Some hanges will be implemented in this dataset.

1. Dropping the redundant columns ('name', 'ticket', 'cabin', 'embarked', 'boat', 'body', 'home.dest').

2. Summing and merging 'sibsp' and 'parch' columns.

3. Filling missing values of 'age' and 'fare' columns.

4. Convert 'sex' column label to '0' for 'male' and '1' for 'female'. The reason is that the Decision Tree algorithm cannot convert string to numbers.

In [5]:
def df_preprocessor_first(df):
    corrected_df = df.copy()

    # drop the irrelevant columns
    corrected_df = corrected_df.iloc[:,:9].drop(columns=['name', 'ticket'])

    # merge  'parch' and 'sibsp'
    corrected_df.sibsp = corrected_df.loc[:,['sibsp', 'parch']].sum(axis=1)
    corrected_df = corrected_df.rename(columns={'sibsp':'family'}).drop(columns=['parch'])

    # Fill missing values of 'age' column with mean value
    corrected_df.age = corrected_df.age.fillna(value=corrected_df.age.mean())

    # Fill the missing value of 'fare' column with mean value
    corrected_df.fare = corrected_df.fare.fillna(value=corrected_df.fare.mean())

    # Convert 'sex' columns to '0' = male, '1' = 'female'
    corrected_df.sex = corrected_df.sex.replace(['male','female'],[0, 1])
    return corrected_df

first_df = df_preprocessor_first(df)
first_df.head()

Unnamed: 0,pclass,survived,sex,age,family,fare
0,1,1,1,29.0,0,211.3375
1,1,1,0,0.9167,3,151.55
2,1,0,1,2.0,3,151.55
3,1,0,0,30.0,3,151.55
4,1,0,1,25.0,3,151.55


**Second Dataset**

Certain modifications made in the first dataset will also be incorporated into the second one. Nonetheless, two specific alterations will not be carried over. Primarily, the columns 'boat,' 'cabin,' and 'body' will be retained within the dataset. Secondly, the columns 'parch' and 'sibsp' will not be merged together. While these changes persist, additional adjustments will be applied to the dataset to facilitate its preparation for more in-depth analysis.

In [6]:
def df_preprocessor_second(df):    
    corrected_df = df.copy()

    # drop the irrelevant columns
    corrected_df = corrected_df.iloc[:,:-1].drop(columns=['name', 'ticket', 'embarked'])

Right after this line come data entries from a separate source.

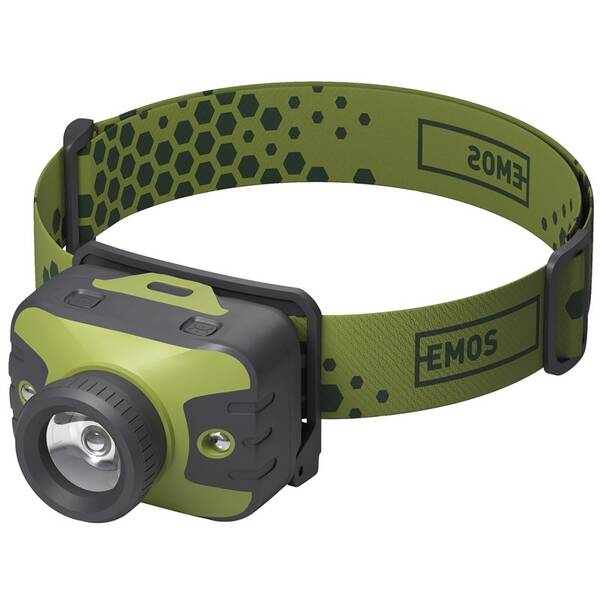 Čelovka EMOS P3539, CREE LED, 330 lm, 200 m, 3x AAA 


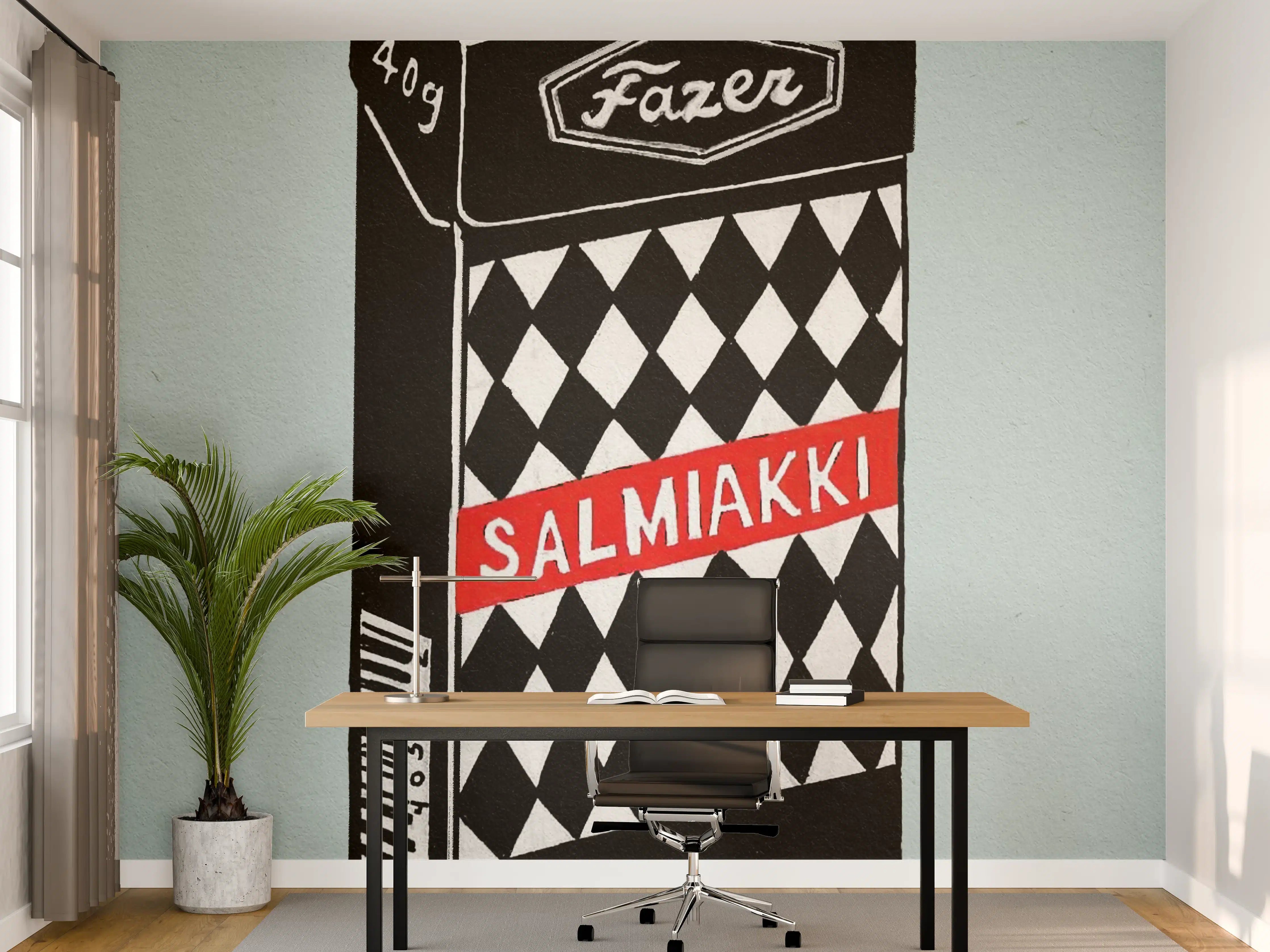 Büro Wandgestaltung - Salmiakki Schachtel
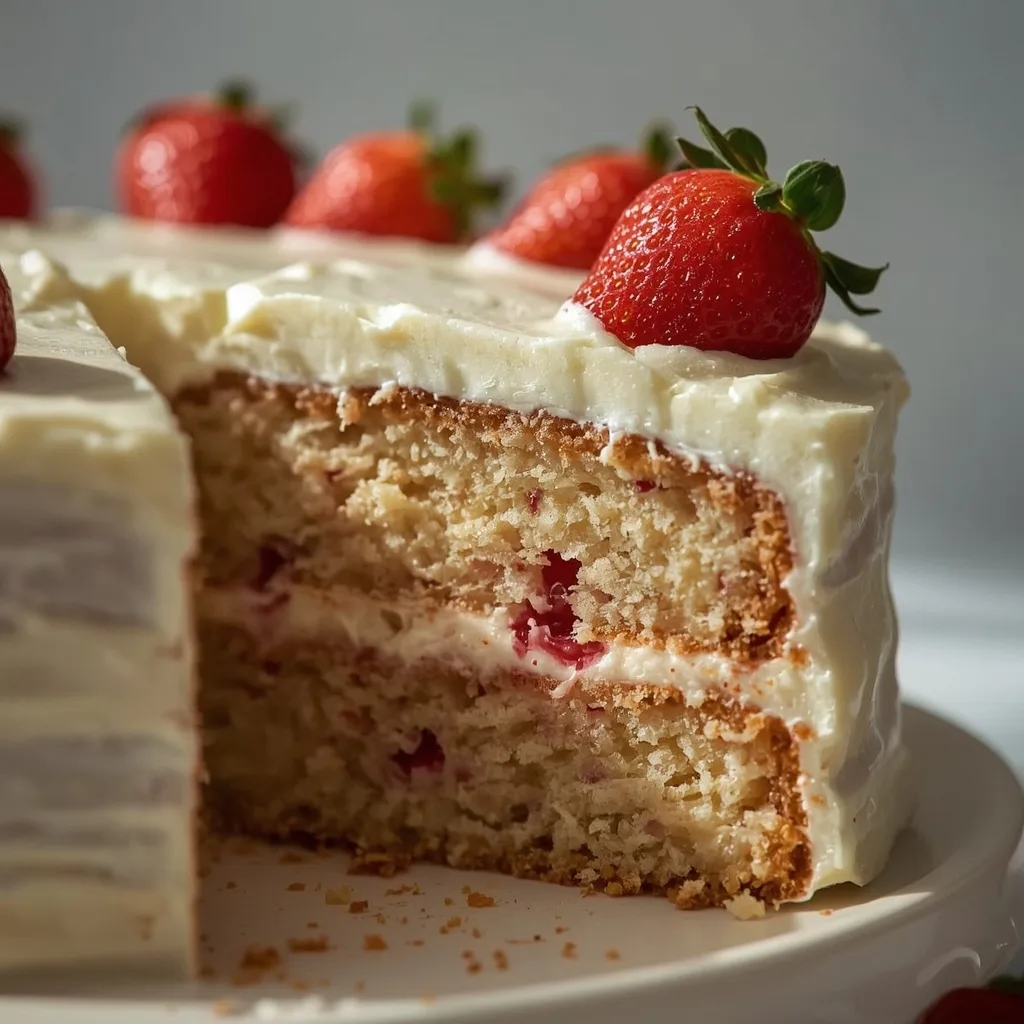 Pioneer Woman Strawberry Cake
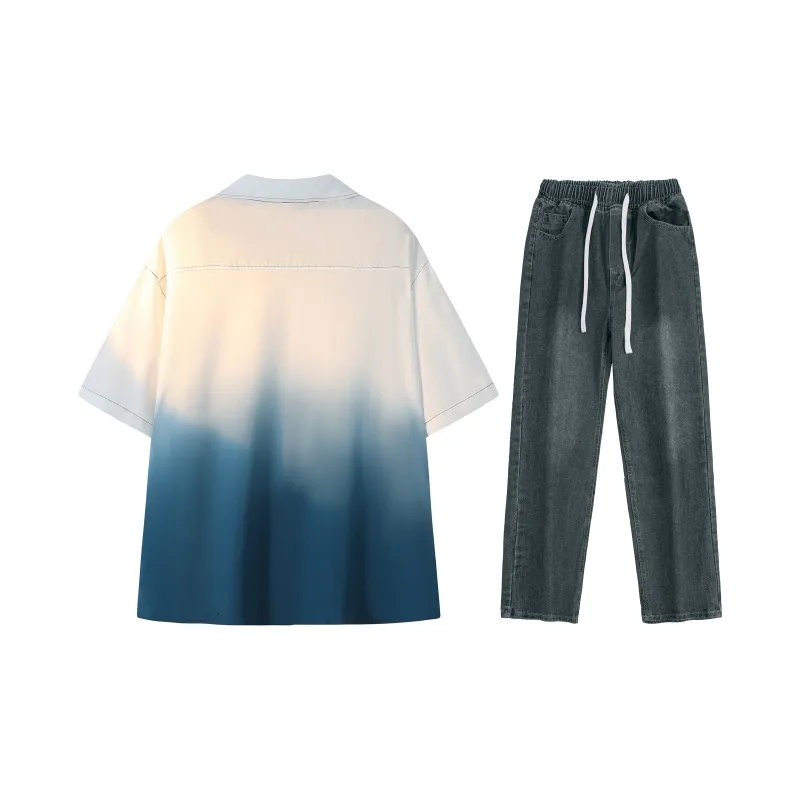 A.X.S.K Shirt Matching Set Unisex-61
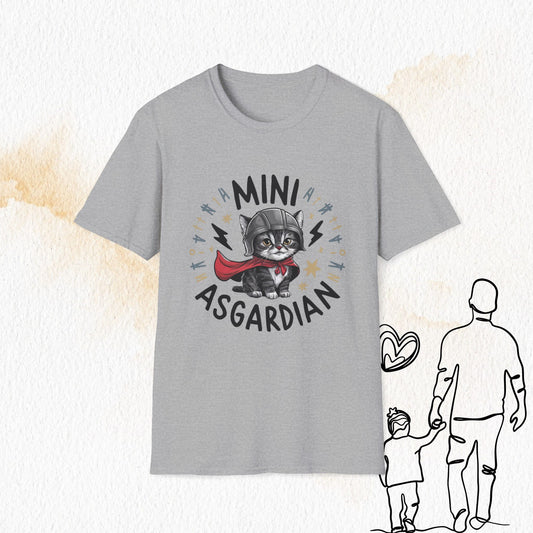 Mini Asgardian Cotton Men T-Shirt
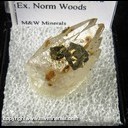 Mineral Specimen: Pyrite on Calcite from Pint's Quarry, Raymond, Blackhawk Co., Iowa, Ex. Norm Woods Mineral Specimen: Pyrite on Calcite from Pint's Quarry, Raymond, Blackhawk Co., Iowa, Ex. Norm Woods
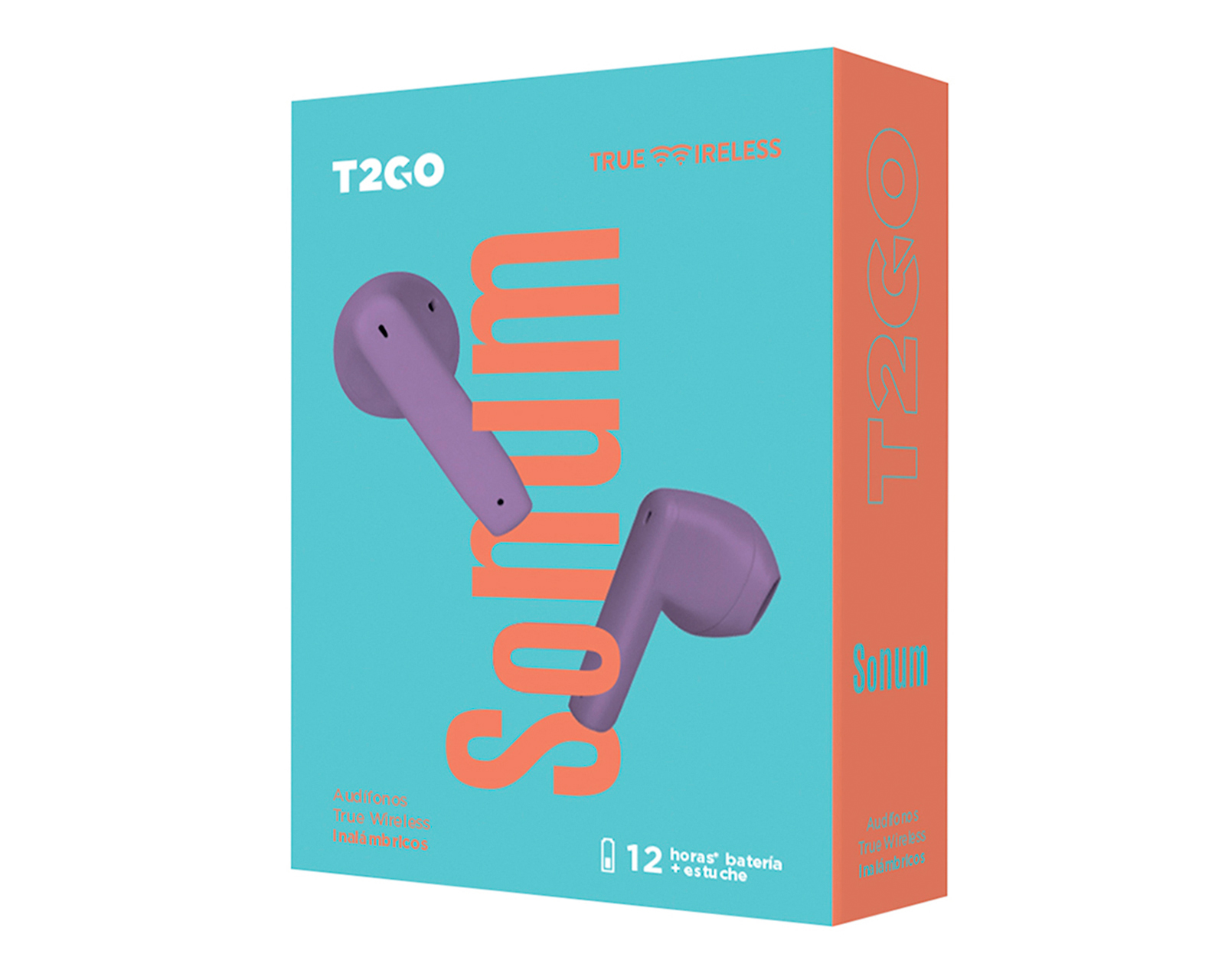 Foto 4 pulgar | Foto 3 | Audífonos True Wireless T2GO con Micrófono Sonum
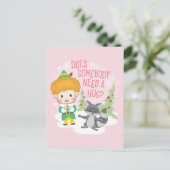 Cartes Pour Fêtes Annuelles Buddy l'elfe fait Un câlin, s'il vous plaît ? (Debout devant)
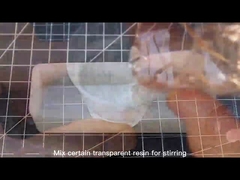 Ultra glänzendes UV-stabiles Epoxidharz erzeugt eine glatte glasartige Veredelung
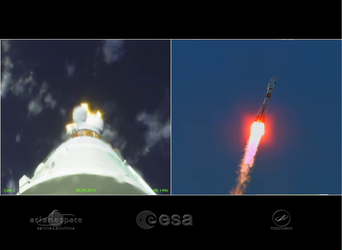 On-board cameras captured this footage from liftoff to separation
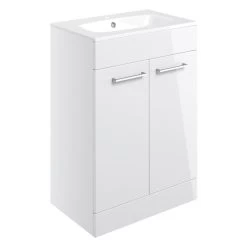 Iona Celo 610mm Floor Standing Unit & Basin White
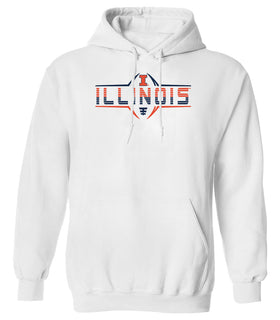 Illinois Fighting Illini Hooded Sweatshirt - Striped Illinois Football Laces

    # Fill missing values of 'age' column with mean value
    corrected_df.age = corrected_df.age.fillna(value=corrected_df.age.mean())

    # Fill the missing value of 'fare' column with mean value
    corrected_df.fare = corrected_df.fare.fillna(value=corrected_df.fare.mean())

    # Convert 'sex' columns to '0' = male, '1' = 'female'
    corrected_df.sex = corrected_df.sex.replace(['male','female'],[0, 1])
    return corrected_df

second_df = df_preprocessor_second(df)
second_df.head()

Unnamed: 0,pclass,survived,sex,age,sibsp,parch,fare,cabin,boat,body
0,1,1,1,29.0,0,0,211.3375,B5,2.0,
1,1,1,0,0.9167,1,2,151.55,C22 C26,11.0,
2,1,0,1,2.0,1,2,151.55,C22 C26,,
3,1,0,0,30.0,1,2,151.55,C22 C26,,135.0
4,1,0,1,25.0,1,2,151.55,C22 C26,,


Now one can implement different different meta-models to these dataset and tune their parameters. In the following section, I will first analyze the first dataset, and the move forward to analyze the second dataset.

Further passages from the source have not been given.